It is a proof-of-concept project by Arnoldo Mueller-Molina, a young Costa Rican researcher with a doctorate in computational analytics. The analysis is work in progress, but what it shows is striking: identical answers are ubiquitous, even for the most TLD-specific questions.
For many of the key questions, the number of unique answers is below 600 (compared to 1930 applications). Some of the nominal number of unique answers are higher, but mind you, this is just the first iteration. As the algorithm gets refined and adapted, more patterns are found.
Similarity comparisons make sense between questions 15 and 50. For question 14a-14e, similarity comparisons make sense in some cases. ICANN does not publish the technical plan (Q30b-44) and the financial plan (Q45-50b). The site therefore compares the responses 14a-30a (a total of 26 response fields).

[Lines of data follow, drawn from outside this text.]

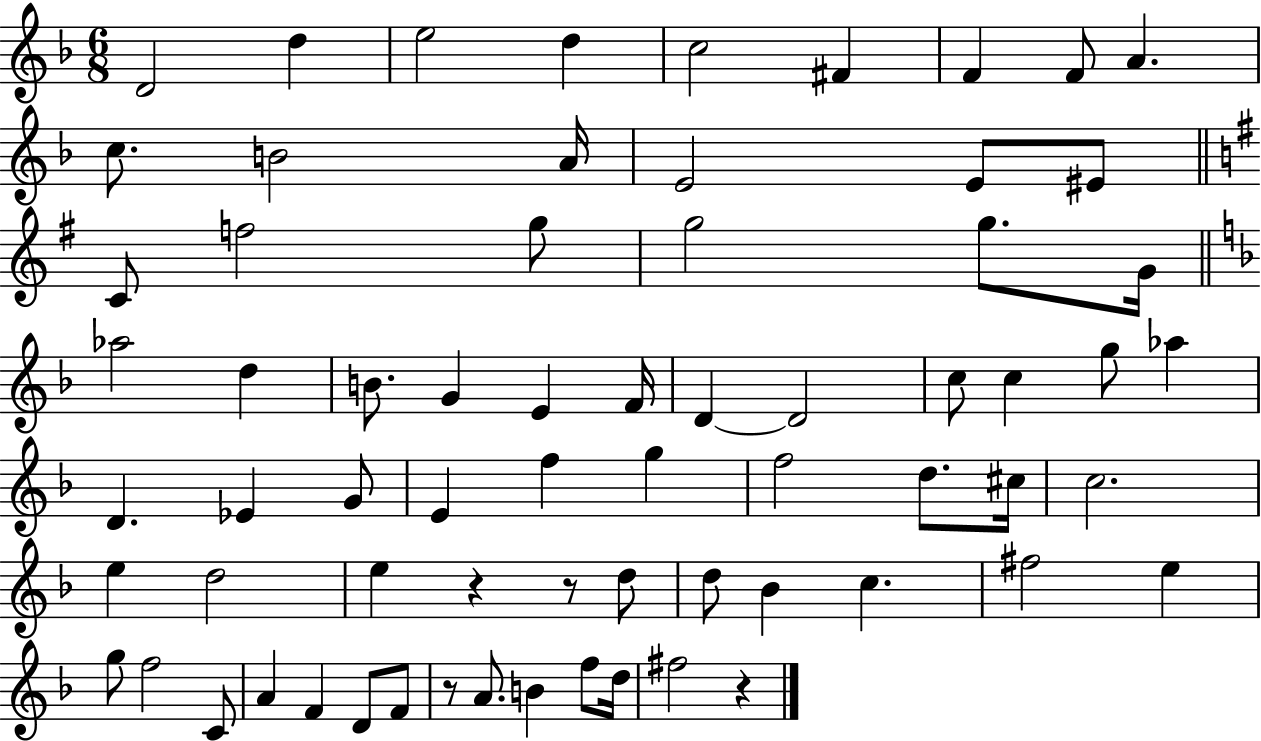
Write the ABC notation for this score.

X:1
T:Untitled
M:6/8
L:1/4
K:F
D2 d e2 d c2 ^F F F/2 A c/2 B2 A/4 E2 E/2 ^E/2 C/2 f2 g/2 g2 g/2 G/4 _a2 d B/2 G E F/4 D D2 c/2 c g/2 _a D _E G/2 E f g f2 d/2 ^c/4 c2 e d2 e z z/2 d/2 d/2 _B c ^f2 e g/2 f2 C/2 A F D/2 F/2 z/2 A/2 B f/2 d/4 ^f2 z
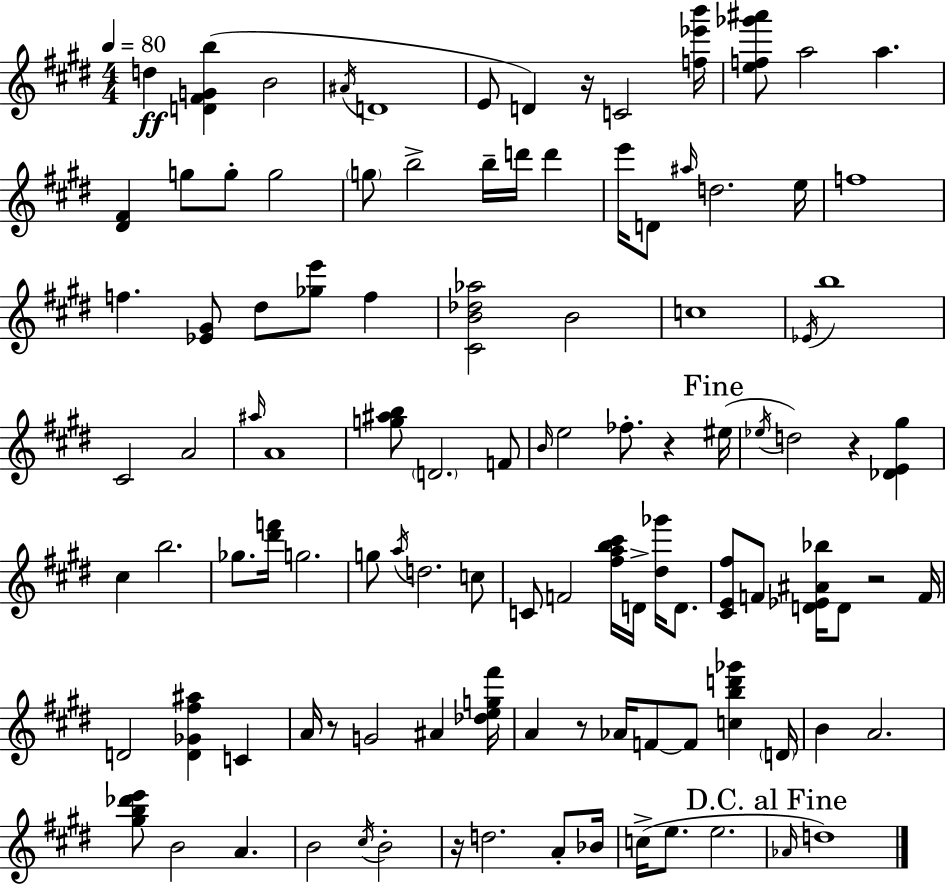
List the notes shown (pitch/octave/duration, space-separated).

D5/q [D4,F#4,G4,B5]/q B4/h A#4/s D4/w E4/e D4/q R/s C4/h [F5,Eb6,B6]/s [E5,F5,Gb6,A#6]/e A5/h A5/q. [D#4,F#4]/q G5/e G5/e G5/h G5/e B5/h B5/s D6/s D6/q E6/s D4/e A#5/s D5/h. E5/s F5/w F5/q. [Eb4,G#4]/e D#5/e [Gb5,E6]/e F5/q [C#4,B4,Db5,Ab5]/h B4/h C5/w Eb4/s B5/w C#4/h A4/h A#5/s A4/w [G5,A#5,B5]/e D4/h. F4/e B4/s E5/h FES5/e. R/q EIS5/s Eb5/s D5/h R/q [Db4,E4,G#5]/q C#5/q B5/h. Gb5/e. [D#6,F6]/s G5/h. G5/e A5/s D5/h. C5/e C4/e F4/h [F#5,A5,B5,C#6]/s D4/s [D#5,Gb6]/s D4/e. [C#4,E4,F#5]/e F4/e [D4,Eb4,A#4,Bb5]/s D4/e R/h F4/s D4/h [D4,Gb4,F#5,A#5]/q C4/q A4/s R/e G4/h A#4/q [Db5,E5,G5,F#6]/s A4/q R/e Ab4/s F4/e F4/e [C5,B5,D6,Gb6]/q D4/s B4/q A4/h. [G#5,B5,Db6,E6]/e B4/h A4/q. B4/h C#5/s B4/h R/s D5/h. A4/e Bb4/s C5/s E5/e. E5/h. Ab4/s D5/w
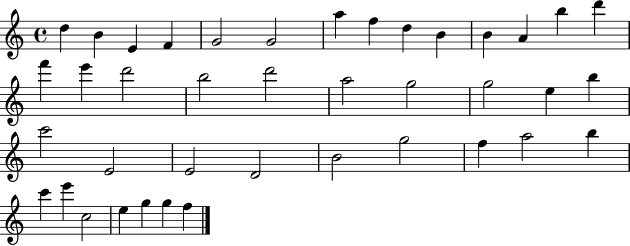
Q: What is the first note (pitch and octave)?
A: D5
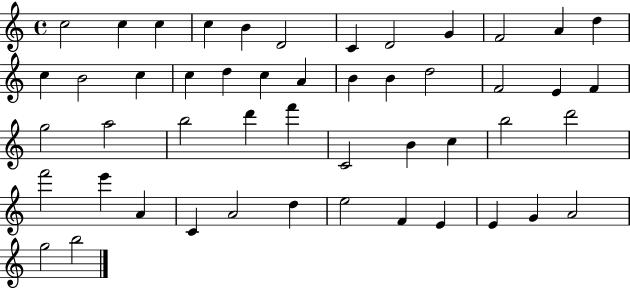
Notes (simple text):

C5/h C5/q C5/q C5/q B4/q D4/h C4/q D4/h G4/q F4/h A4/q D5/q C5/q B4/h C5/q C5/q D5/q C5/q A4/q B4/q B4/q D5/h F4/h E4/q F4/q G5/h A5/h B5/h D6/q F6/q C4/h B4/q C5/q B5/h D6/h F6/h E6/q A4/q C4/q A4/h D5/q E5/h F4/q E4/q E4/q G4/q A4/h G5/h B5/h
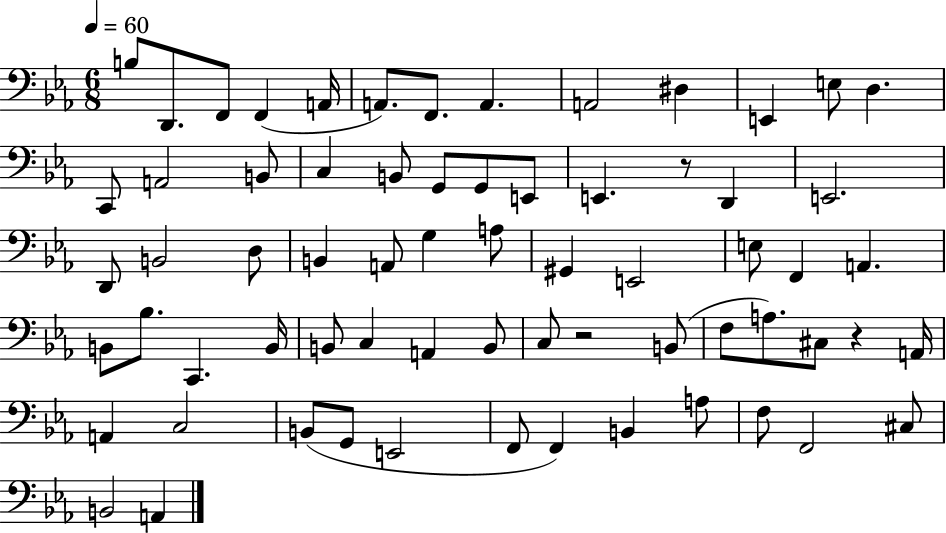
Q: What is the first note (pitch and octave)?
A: B3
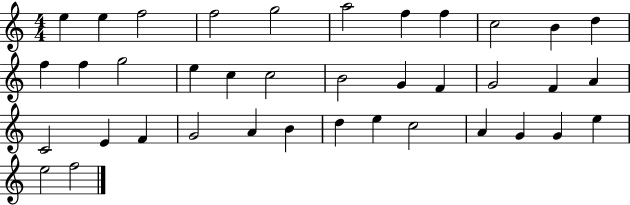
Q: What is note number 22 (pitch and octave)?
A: F4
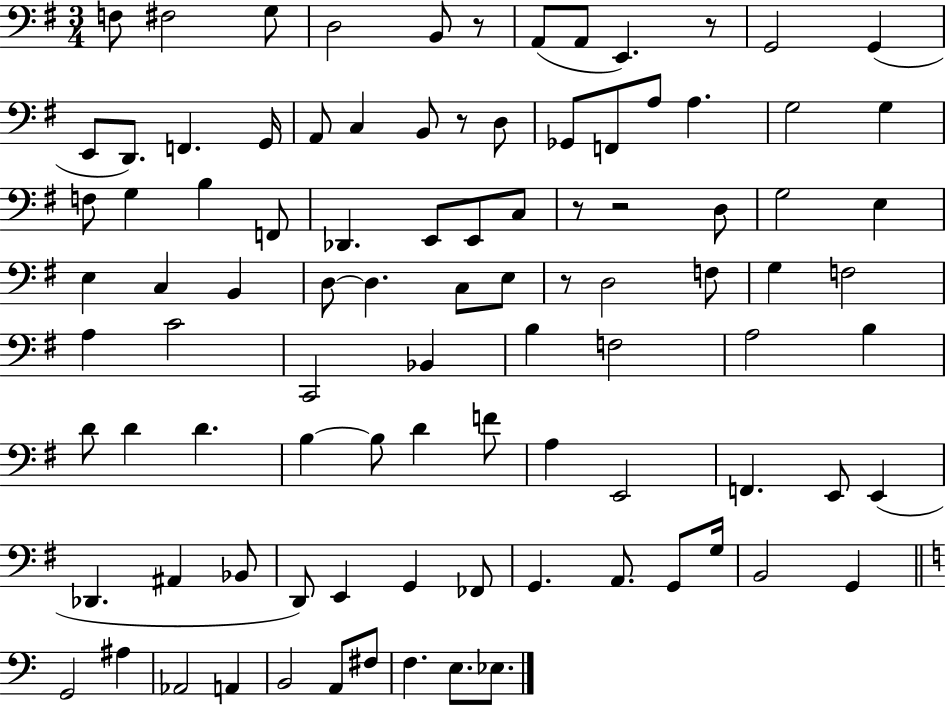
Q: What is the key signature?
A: G major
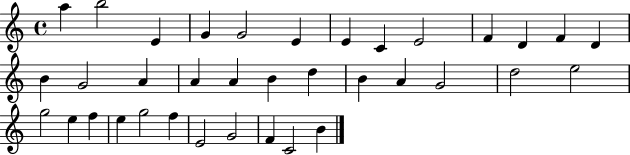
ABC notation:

X:1
T:Untitled
M:4/4
L:1/4
K:C
a b2 E G G2 E E C E2 F D F D B G2 A A A B d B A G2 d2 e2 g2 e f e g2 f E2 G2 F C2 B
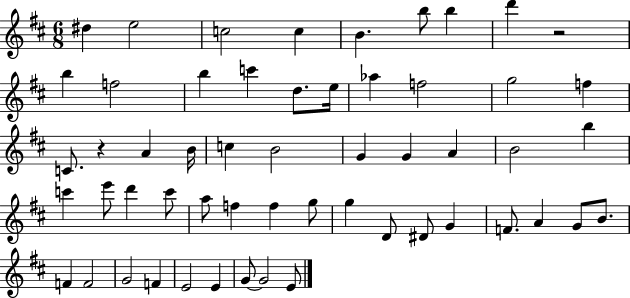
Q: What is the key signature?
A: D major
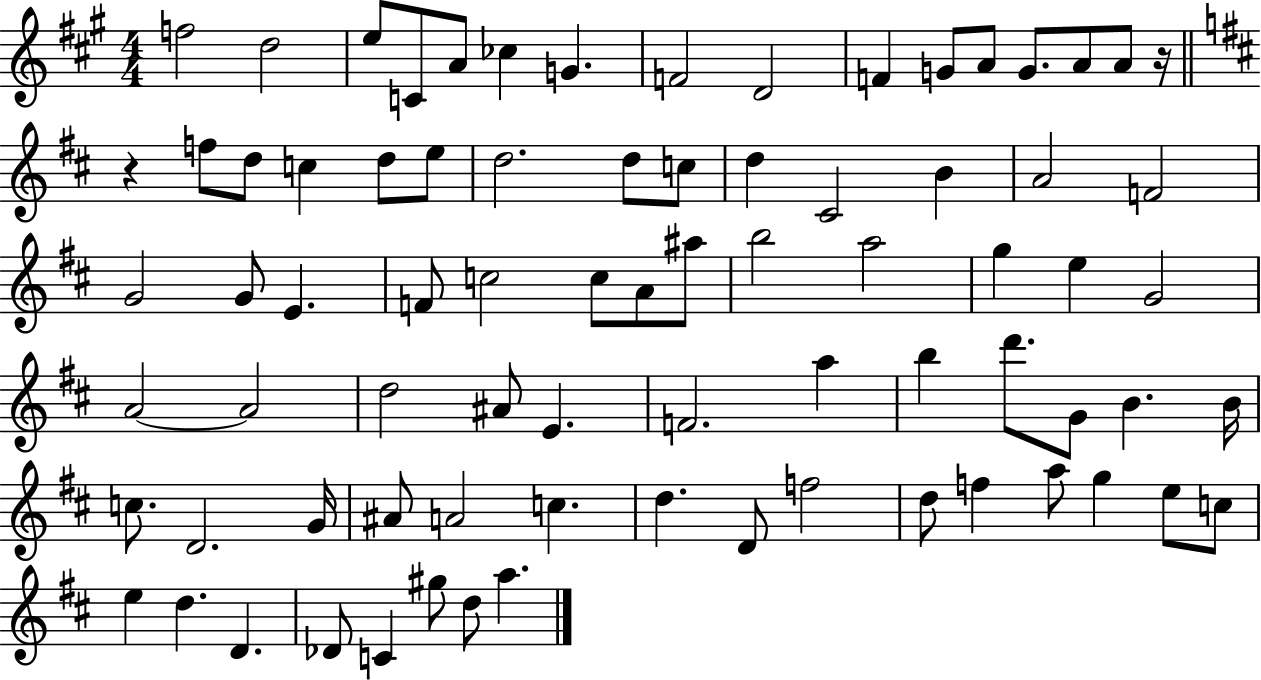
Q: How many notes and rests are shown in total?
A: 78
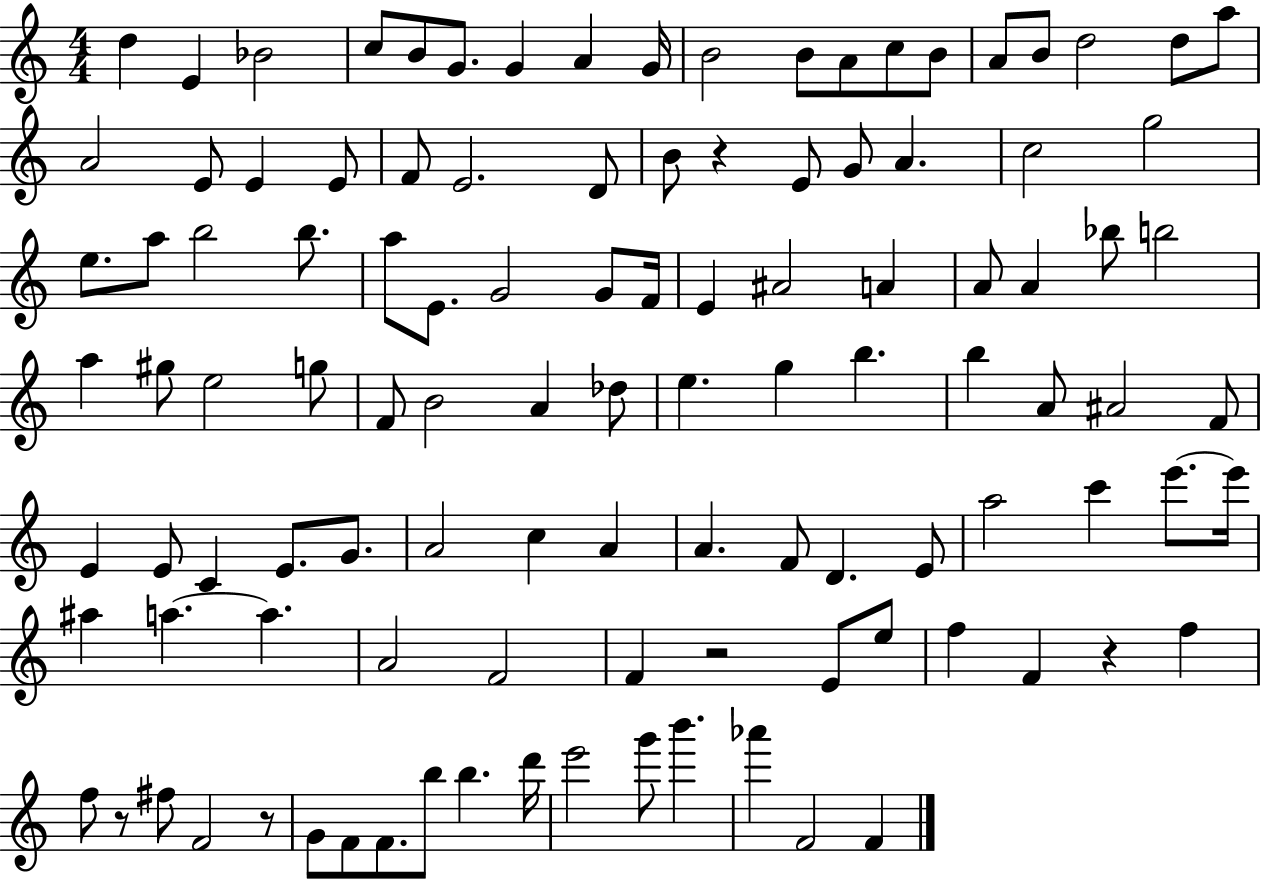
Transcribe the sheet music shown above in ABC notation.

X:1
T:Untitled
M:4/4
L:1/4
K:C
d E _B2 c/2 B/2 G/2 G A G/4 B2 B/2 A/2 c/2 B/2 A/2 B/2 d2 d/2 a/2 A2 E/2 E E/2 F/2 E2 D/2 B/2 z E/2 G/2 A c2 g2 e/2 a/2 b2 b/2 a/2 E/2 G2 G/2 F/4 E ^A2 A A/2 A _b/2 b2 a ^g/2 e2 g/2 F/2 B2 A _d/2 e g b b A/2 ^A2 F/2 E E/2 C E/2 G/2 A2 c A A F/2 D E/2 a2 c' e'/2 e'/4 ^a a a A2 F2 F z2 E/2 e/2 f F z f f/2 z/2 ^f/2 F2 z/2 G/2 F/2 F/2 b/2 b d'/4 e'2 g'/2 b' _a' F2 F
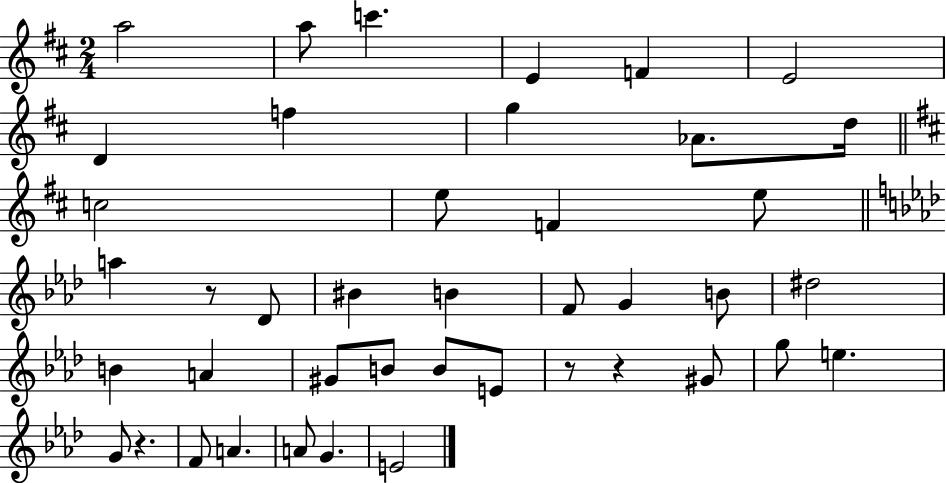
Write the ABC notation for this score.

X:1
T:Untitled
M:2/4
L:1/4
K:D
a2 a/2 c' E F E2 D f g _A/2 d/4 c2 e/2 F e/2 a z/2 _D/2 ^B B F/2 G B/2 ^d2 B A ^G/2 B/2 B/2 E/2 z/2 z ^G/2 g/2 e G/2 z F/2 A A/2 G E2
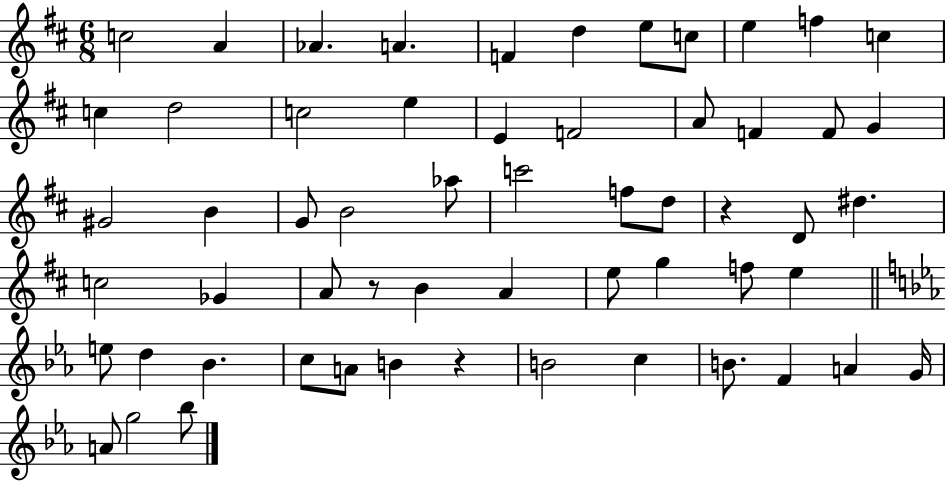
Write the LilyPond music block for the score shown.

If ICANN ran the similarity engine on questions 30b-50b (another 26 response fields, 15 for the technical plan and 11 for the financial plan), it is certain to find an over overwhelming degree of similarity. It would be appropriate for ICANN to publish anonymized statistics as to how many response fields contain exactly the same content after allowing of variations of TLD string and applicant name.
This is all thanks to the Costa Rica ICANN meeting in March this year. Arnoldo was there with a “Newcomer” badge, having come home with PH.D., after spending several years in Japan and Germany. I regard it as proof that the ICANN community is a magnet for talent beyond politics and domain investors.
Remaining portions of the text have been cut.